-- Entries provided follows --
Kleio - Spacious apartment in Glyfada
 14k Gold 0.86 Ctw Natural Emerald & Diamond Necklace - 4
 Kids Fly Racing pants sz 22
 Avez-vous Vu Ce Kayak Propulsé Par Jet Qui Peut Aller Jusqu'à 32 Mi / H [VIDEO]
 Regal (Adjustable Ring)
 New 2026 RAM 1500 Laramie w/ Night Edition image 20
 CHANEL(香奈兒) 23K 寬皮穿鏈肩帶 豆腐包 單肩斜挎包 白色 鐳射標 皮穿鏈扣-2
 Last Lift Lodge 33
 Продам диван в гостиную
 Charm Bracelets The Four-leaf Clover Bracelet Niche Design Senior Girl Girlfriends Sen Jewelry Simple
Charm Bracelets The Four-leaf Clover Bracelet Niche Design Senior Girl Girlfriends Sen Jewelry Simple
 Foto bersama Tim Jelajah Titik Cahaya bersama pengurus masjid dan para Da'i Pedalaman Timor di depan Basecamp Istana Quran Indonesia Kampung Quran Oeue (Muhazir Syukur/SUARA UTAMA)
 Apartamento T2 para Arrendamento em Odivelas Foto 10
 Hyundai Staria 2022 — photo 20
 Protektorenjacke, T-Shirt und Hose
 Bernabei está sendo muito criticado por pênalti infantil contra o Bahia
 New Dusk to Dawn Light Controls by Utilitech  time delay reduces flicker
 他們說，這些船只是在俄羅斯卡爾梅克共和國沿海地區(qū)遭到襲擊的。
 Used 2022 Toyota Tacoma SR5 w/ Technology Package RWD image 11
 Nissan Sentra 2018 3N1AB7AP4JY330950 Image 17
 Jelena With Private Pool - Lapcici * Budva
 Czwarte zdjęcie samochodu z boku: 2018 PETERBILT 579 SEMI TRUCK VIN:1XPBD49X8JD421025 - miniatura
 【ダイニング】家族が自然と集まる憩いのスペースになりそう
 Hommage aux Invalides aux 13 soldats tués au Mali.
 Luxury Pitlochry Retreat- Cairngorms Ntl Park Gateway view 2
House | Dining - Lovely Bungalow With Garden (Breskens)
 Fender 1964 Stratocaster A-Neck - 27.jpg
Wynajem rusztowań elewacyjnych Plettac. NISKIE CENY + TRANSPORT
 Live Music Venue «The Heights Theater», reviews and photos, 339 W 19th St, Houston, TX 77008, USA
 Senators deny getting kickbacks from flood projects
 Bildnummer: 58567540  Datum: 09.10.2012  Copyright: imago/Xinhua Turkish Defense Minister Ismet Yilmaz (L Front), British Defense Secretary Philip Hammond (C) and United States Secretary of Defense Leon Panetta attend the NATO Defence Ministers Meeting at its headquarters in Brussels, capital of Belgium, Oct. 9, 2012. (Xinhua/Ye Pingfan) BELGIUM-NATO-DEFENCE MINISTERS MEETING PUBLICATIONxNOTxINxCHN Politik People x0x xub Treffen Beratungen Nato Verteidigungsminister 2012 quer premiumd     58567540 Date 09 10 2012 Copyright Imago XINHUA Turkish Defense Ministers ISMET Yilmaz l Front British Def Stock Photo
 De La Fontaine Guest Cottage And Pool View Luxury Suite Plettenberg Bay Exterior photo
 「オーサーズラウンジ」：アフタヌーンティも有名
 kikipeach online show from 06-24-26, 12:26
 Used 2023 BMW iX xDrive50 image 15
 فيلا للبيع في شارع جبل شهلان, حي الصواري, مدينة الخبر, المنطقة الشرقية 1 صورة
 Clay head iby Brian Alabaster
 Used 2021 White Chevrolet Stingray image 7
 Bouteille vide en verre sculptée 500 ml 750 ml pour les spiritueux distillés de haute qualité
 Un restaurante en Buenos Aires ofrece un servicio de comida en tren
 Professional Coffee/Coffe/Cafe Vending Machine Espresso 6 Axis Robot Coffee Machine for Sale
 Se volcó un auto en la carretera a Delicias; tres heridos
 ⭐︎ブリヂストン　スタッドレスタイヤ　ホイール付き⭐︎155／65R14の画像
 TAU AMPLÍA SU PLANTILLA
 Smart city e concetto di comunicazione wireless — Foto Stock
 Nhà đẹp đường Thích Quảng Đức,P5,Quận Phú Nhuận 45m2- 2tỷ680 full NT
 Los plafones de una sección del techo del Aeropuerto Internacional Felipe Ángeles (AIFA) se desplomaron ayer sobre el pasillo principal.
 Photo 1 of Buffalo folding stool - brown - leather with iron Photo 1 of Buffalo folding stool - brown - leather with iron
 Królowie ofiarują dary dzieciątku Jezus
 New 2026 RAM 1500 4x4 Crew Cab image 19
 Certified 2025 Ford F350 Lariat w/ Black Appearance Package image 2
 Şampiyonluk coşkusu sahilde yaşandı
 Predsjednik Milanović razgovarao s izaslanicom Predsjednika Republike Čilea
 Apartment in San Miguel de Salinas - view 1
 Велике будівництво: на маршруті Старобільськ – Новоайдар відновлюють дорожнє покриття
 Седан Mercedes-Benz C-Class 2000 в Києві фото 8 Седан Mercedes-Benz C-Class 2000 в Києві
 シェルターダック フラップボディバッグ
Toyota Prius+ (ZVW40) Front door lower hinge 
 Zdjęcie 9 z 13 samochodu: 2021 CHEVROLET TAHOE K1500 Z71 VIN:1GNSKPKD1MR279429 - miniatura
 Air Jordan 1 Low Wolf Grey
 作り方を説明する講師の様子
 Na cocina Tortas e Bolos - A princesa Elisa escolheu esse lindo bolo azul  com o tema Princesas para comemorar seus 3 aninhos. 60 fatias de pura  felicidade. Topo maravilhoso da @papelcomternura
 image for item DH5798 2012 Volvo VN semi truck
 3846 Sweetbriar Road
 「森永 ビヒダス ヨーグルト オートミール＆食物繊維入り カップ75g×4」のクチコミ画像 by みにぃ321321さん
-- Entries provided concluded --
Exercise ▸ Reproduce the data above exactly, leaving nothing out.

Output below ▸
Kleio - Spacious apartment in Glyfada
 14k Gold 0.86 Ctw Natural Emerald & Diamond Necklace - 4
 Kids Fly Racing pants sz 22
 Avez-vous Vu Ce Kayak Propulsé Par Jet Qui Peut Aller Jusqu'à 32 Mi / H [VIDEO]
 Regal (Adjustable Ring)
 New 2026 RAM 1500 Laramie w/ Night Edition image 20
 CHANEL(香奈兒) 23K 寬皮穿鏈肩帶 豆腐包 單肩斜挎包 白色 鐳射標 皮穿鏈扣-2
 Last Lift Lodge 33
 Продам диван в гостиную
 Charm Bracelets The Four-leaf Clover Bracelet Niche Design Senior Girl Girlfriends Sen Jewelry Simple
Charm Bracelets The Four-leaf Clover Bracelet Niche Design Senior Girl Girlfriends Sen Jewelry Simple
 Foto bersama Tim Jelajah Titik Cahaya bersama pengurus masjid dan para Da'i Pedalaman Timor di depan Basecamp Istana Quran Indonesia Kampung Quran Oeue (Muhazir Syukur/SUARA UTAMA)
 Apartamento T2 para Arrendamento em Odivelas Foto 10
 Hyundai Staria 2022 — photo 20
 Protektorenjacke, T-Shirt und Hose
 Bernabei está sendo muito criticado por pênalti infantil contra o Bahia
 New Dusk to Dawn Light Controls by Utilitech  time delay reduces flicker
 他們說，這些船只是在俄羅斯卡爾梅克共和國沿海地區(qū)遭到襲擊的。
 Used 2022 Toyota Tacoma SR5 w/ Technology Package RWD image 11
 Nissan Sentra 2018 3N1AB7AP4JY330950 Image 17
 Jelena With Private Pool - Lapcici * Budva
 Czwarte zdjęcie samochodu z boku: 2018 PETERBILT 579 SEMI TRUCK VIN:1XPBD49X8JD421025 - miniatura
 【ダイニング】家族が自然と集まる憩いのスペースになりそう
 Hommage aux Invalides aux 13 soldats tués au Mali.
 Luxury Pitlochry Retreat- Cairngorms Ntl Park Gateway view 2
House | Dining - Lovely Bungalow With Garden (Breskens)
 Fender 1964 Stratocaster A-Neck - 27.jpg
Wynajem rusztowań elewacyjnych Plettac. NISKIE CENY + TRANSPORT
 Live Music Venue «The Heights Theater», reviews and photos, 339 W 19th St, Houston, TX 77008, USA
 Senators deny getting kickbacks from flood projects
 Bildnummer: 58567540  Datum: 09.10.2012  Copyright: imago/Xinhua Turkish Defense Minister Ismet Yilmaz (L Front), British Defense Secretary Philip Hammond (C) and United States Secretary of Defense Leon Panetta attend the NATO Defence Ministers Meeting at its headquarters in Brussels, capital of Belgium, Oct. 9, 2012. (Xinhua/Ye Pingfan) BELGIUM-NATO-DEFENCE MINISTERS MEETING PUBLICATIONxNOTxINxCHN Politik People x0x xub Treffen Beratungen Nato Verteidigungsminister 2012 quer premiumd     58567540 Date 09 10 2012 Copyright Imago XINHUA Turkish Defense Ministers ISMET Yilmaz l Front British Def Stock Photo
 De La Fontaine Guest Cottage And Pool View Luxury Suite Plettenberg Bay Exterior photo
 「オーサーズラウンジ」：アフタヌーンティも有名
 kikipeach online show from 06-24-26, 12:26
 Used 2023 BMW iX xDrive50 image 15
 فيلا للبيع في شارع جبل شهلان, حي الصواري, مدينة الخبر, المنطقة الشرقية 1 صورة
 Clay head iby Brian Alabaster
 Used 2021 White Chevrolet Stingray image 7
 Bouteille vide en verre sculptée 500 ml 750 ml pour les spiritueux distillés de haute qualité
 Un restaurante en Buenos Aires ofrece un servicio de comida en tren
 Professional Coffee/Coffe/Cafe Vending Machine Espresso 6 Axis Robot Coffee Machine for Sale
 Se volcó un auto en la carretera a Delicias; tres heridos
 ⭐︎ブリヂストン　スタッドレスタイヤ　ホイール付き⭐︎155／65R14の画像
 TAU AMPLÍA SU PLANTILLA
 Smart city e concetto di comunicazione wireless — Foto Stock
 Nhà đẹp đường Thích Quảng Đức,P5,Quận Phú Nhuận 45m2- 2tỷ680 full NT
 Los plafones de una sección del techo del Aeropuerto Internacional Felipe Ángeles (AIFA) se desplomaron ayer sobre el pasillo principal.
 Photo 1 of Buffalo folding stool - brown - leather with iron Photo 1 of Buffalo folding stool - brown - leather with iron
 Królowie ofiarują dary dzieciątku Jezus
 New 2026 RAM 1500 4x4 Crew Cab image 19
 Certified 2025 Ford F350 Lariat w/ Black Appearance Package image 2
 Şampiyonluk coşkusu sahilde yaşandı
 Predsjednik Milanović razgovarao s izaslanicom Predsjednika Republike Čilea
 Apartment in San Miguel de Salinas - view 1
 Велике будівництво: на маршруті Старобільськ – Новоайдар відновлюють дорожнє покриття
 Седан Mercedes-Benz C-Class 2000 в Києві фото 8 Седан Mercedes-Benz C-Class 2000 в Києві
 シェルターダック フラップボディバッグ
Toyota Prius+ (ZVW40) Front door lower hinge 
 Zdjęcie 9 z 13 samochodu: 2021 CHEVROLET TAHOE K1500 Z71 VIN:1GNSKPKD1MR279429 - miniatura
 Air Jordan 1 Low Wolf Grey
 作り方を説明する講師の様子
 Na cocina Tortas e Bolos - A princesa Elisa escolheu esse lindo bolo azul  com o tema Princesas para comemorar seus 3 aninhos. 60 fatias de pura  felicidade. Topo maravilhoso da @papelcomternura
 image for item DH5798 2012 Volvo VN semi truck
 3846 Sweetbriar Road
 「森永 ビヒダス ヨーグルト オートミール＆食物繊維入り カップ75g×4」のクチコミ画像 by みにぃ321321さん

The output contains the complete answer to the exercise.